Google maps don’t always work, but getting lost within the medina just means you experience something new around the next corner or in the next winding street.
We also visited the Riad Yima - Hassan Hajjaj art gallery and concept store. Famous for his bright colors, graphic patterns and use of brand name logos(especially his Coca Cola crates) The result is a mash up style that has both the captivating allure of global pop culture bonanza and the deeply rooted traditions of the Middle East.
The Large medina square is called Jemaa el-Fnaa. Throughout the day its bustling with rattle snake charmers and monkeys with their trainers encouraging you to take photos – however my advice please don’t take photos just keep walking, or be ready to say bye to something valuable!

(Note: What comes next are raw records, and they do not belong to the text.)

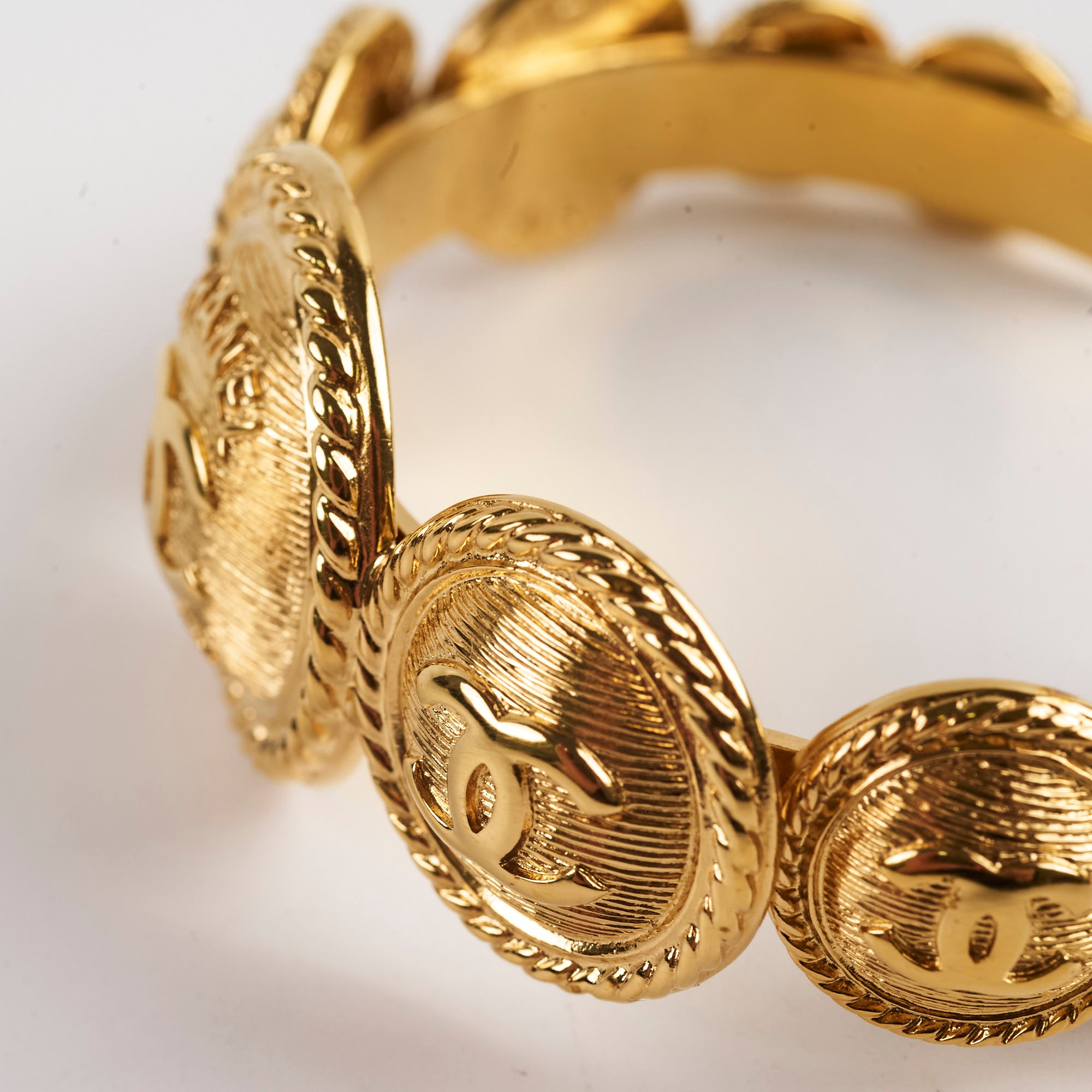 Chanel Medallion CC Cuff Bracelet - Large Size Gold-Tone Statement Jewelry for Women, Perfect for Parties, Weddings & Special Occasions
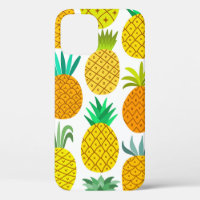 vintage pineapple seamless pattern isolated on whi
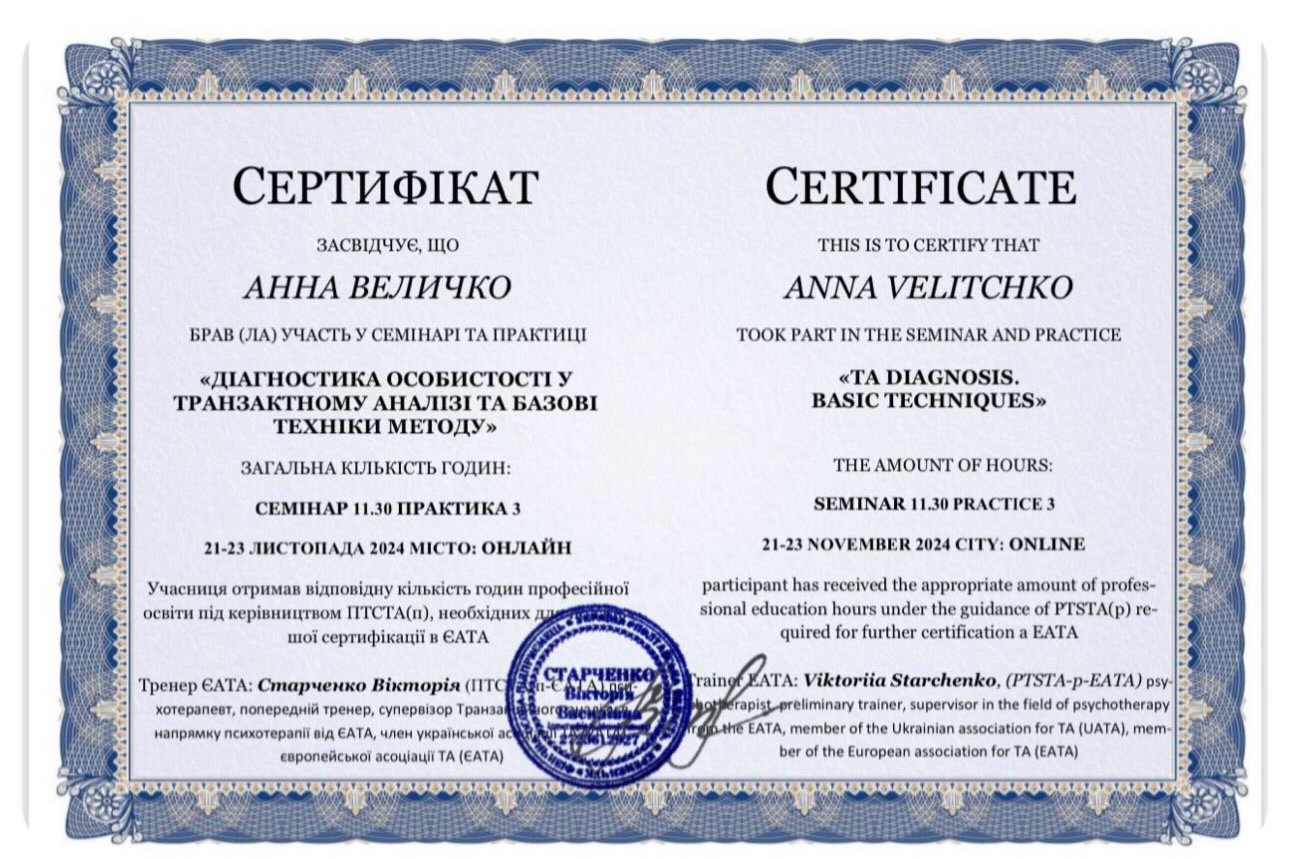 Європейська асоціація ТА (ЄАТА) / Ukrainian association for TA (UATA), ДІАГНОСТИКА ОСОБИСТОСТІ У ТРАНЗАКТНОМУ АНАЛІЗІ ТА БАЗОВІ ТЕХНІКИ МЕТОДУ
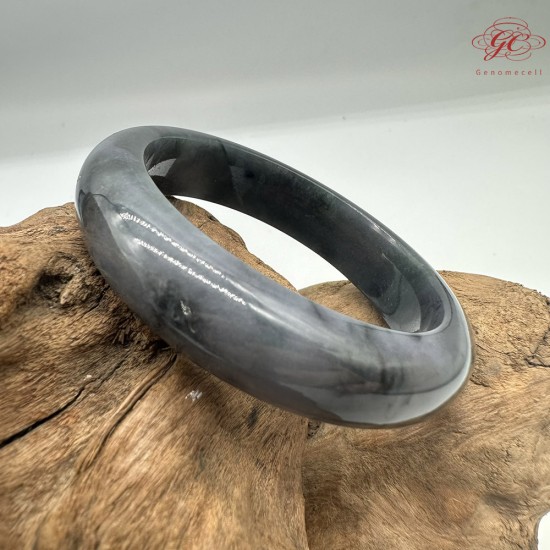 【肌容雪】天然緬甸A貨烏雞翡翠正圈手鐲 編號436(鐲圍54.7mm#17號)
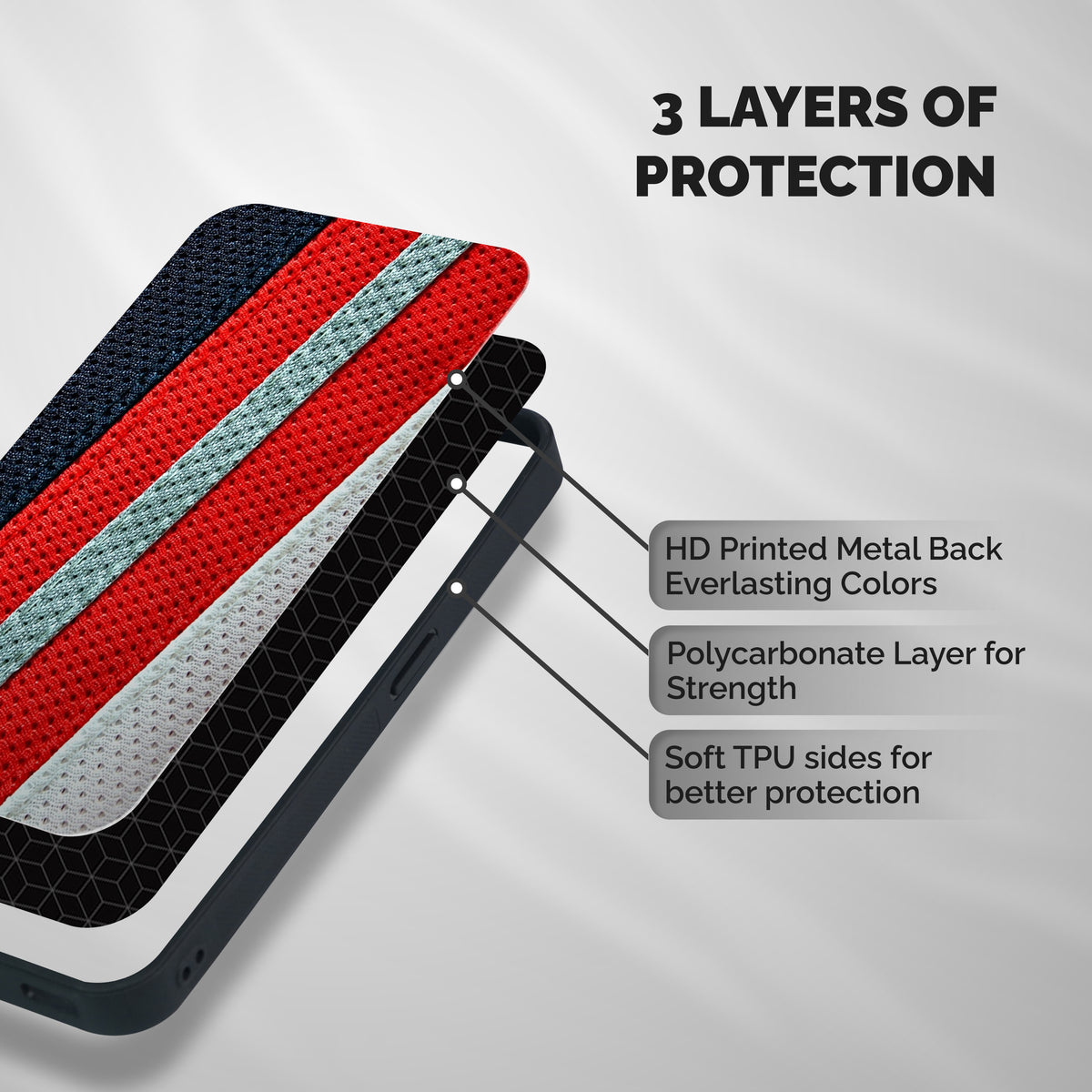 Black Red Grey Stripes Shockproof Hybrid Protection (Metal + TPU) Back Case Cover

Off the square are many alleyways with thousands of shopping stalls that go on for miles. In the busy streets of the medina, you’re sure to be bombarded with the aggressive sales tactics of would-be guides and craft-sellers. They are harmless just tell them no, however you will most probably end up following someone somewhere – it just happens.
When shopping remember half the experience is haggling so be prepared to bargain and be patient. I picked up some beautiful Moroccan plates and there were many large lamps that I wanted to buy. Whatever you’re looking for the medina has it all, leather, carpets, spices, tapestries, silver and metal objects.

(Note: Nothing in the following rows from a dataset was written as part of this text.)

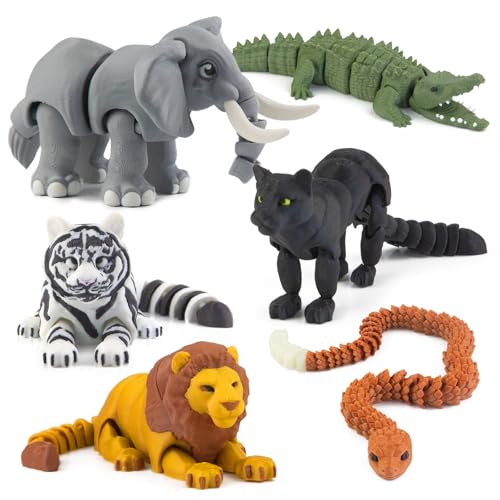 6PCS 3D Printed Safari Animals Figures Toys, Realistic Articulated Zoo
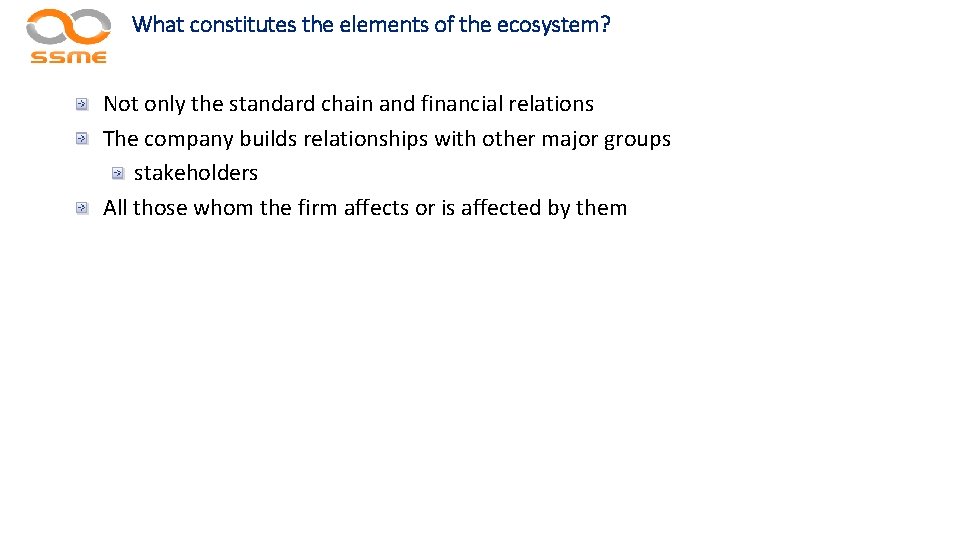 What constitutes the elements of the ecosystem? Not only the standard chain and financial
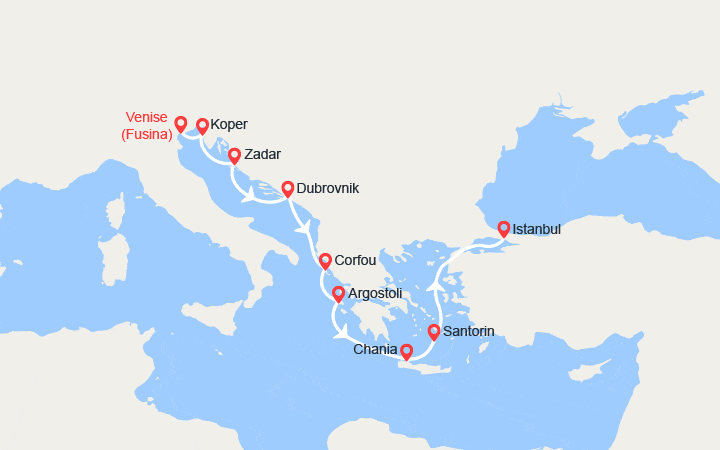 Itinéraire Italie, Slovénie, Croatie, Grèce, Turquie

FYI – I found this stunning linen shop which had the most beautiful bed sheets – think White Company but better –
V. Barkowski https://valeriebarkowski.com
In Marrakech every building was and has to be the same color – think dusky pink, with blue and green accessories/plants outside to give it that picture perfect Moroccan look.
I also highly recommend a visit to Jardin de Majorelle known as YSL Gardens. The queue was rather long so our taxi driver, jumped out bought our tickets for us so as we could walk straight in avoiding all the people.
Jardin de Majorelle is a stunning two and half acre botanical and artistic landscape garden. The French Orientalist artist Jacques Majorelle initially created it almost forty years ago but then Yves Saint Laurent bought it and made it into a permanent Marrakech fixture and a tourist haven. If you’re a lover of YSL do also visit Museum Yves Saint Laurent which is next to the Gardens.
This video shows the stunning grounds of Jardin de Majorelle with all its mystery, serenity and majesty:
The currency is Moroccan Dirham so don’t be mistaken with the UAE Dirham.
Uber doesn’t work in Morocco so you have to use either the public taxi’s or ask your hotel to arrange a car for you. Again be ready to negotiate aggressively.
Emirates flies direct to Casablanca 9.5 hours there and 6.5 hours back. From Casablanca to Marrakech is a 2.5 hour drive – it’s a long journey but well worth it.
Marrakech is definitely unique, incorporating a nice mixture of authentic local Moroccan culture with some serious hotel and resort offering. But don’t rely on the movies and social media – go visit to truly capture its magic.